Prof Denis Noble’s latest book on evolutionary biology, Dance to the Tune of Life, was published in the Autumn of 2016, and is a follow up to the hugely successful 2006 book The Music of Life.  His new work produces yet more evidence for a 21st century, multi-level, integrative approach to evolutionary biology, attacking the 20th century reductionism of neo-Darwinism with renewed vigour.

Voices from Oxford has produced three lectures given by Prof Noble, each of which varies in style according to the respective audience.  We encourage you to watch one or all of them in order to better understand this hotly debated topic.

In summary, the Physiological Society lecture gives the most detail and depth, the Biochemistry Society lecture offers the most debate and argument, whilst the Swansea University Medical School lecture is aimed at those engaged in medical research.

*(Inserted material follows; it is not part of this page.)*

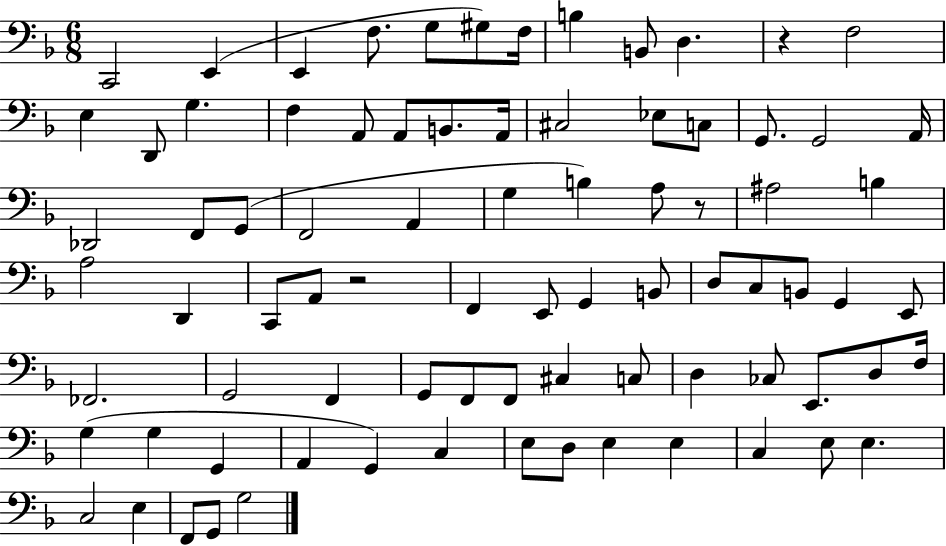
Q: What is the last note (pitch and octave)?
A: G3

Physiological Society, London

21st November, 2016
Recorded just days after the publication of Dance to the Tune of Life, Noble’s lecture to the Physiological Society gives a full and detailed account of the evidence to support his thesis.  It’s the most in depth and lengthy lecture to date, and was well received by the audience, whose backgrounds in physiological science made them open and receptive to the ideas being presented.  A must watch for those open to Noble’s ideas, and wishing to hear them fully explained with highly detailed evidence.  
http://voicesfromoxford.org/video/dance-to-the-tune-of-life-lecture/699

University of Oxford Biochemistry Society

8th February, 2017
With an audience highly specialised in biochemistry and molecular biology, Noble chose to give a shorter presentation of his main points in order to leave time for the inevitable questions, challenges and debate.  One questioner attacked the entire validity of his work, but Noble responded by explaining how Johannsen’s original 1909 definition of a gene shouldn’t be confused with more recent and ongoing interpretations, and that this misunderstanding lay at the heart of the question.  Noble also reiterated his point that whilst some neo-Darwinian mechanisms are indeed necessary to explain evolutionary biology, they’re certainly nowhere near sufficient to explain the whole story.  A must watch for those who agree with James Watson’s quip, that, “It’s all molecules, the rest is sociology.”
http://voicesfromoxford.org/video/biochemistry-society-lecture/710

Swansea University Medical School

9th March, 2017
The medical implications of Dance to the Tune of Life are many fold.  Since the human genome was sequenced in 2000, the much hyped medical advances based on this knowledge have spectacularly failed to materialise.  And if our basic understanding of the processes at work in human bodies has been warped and misunderstood by the dogma of neo-Darwinism, how then are we to effectively treat disease and practice medicine?  This presentation was tailored with this in mind, and is a must watch for those engaged in medical research.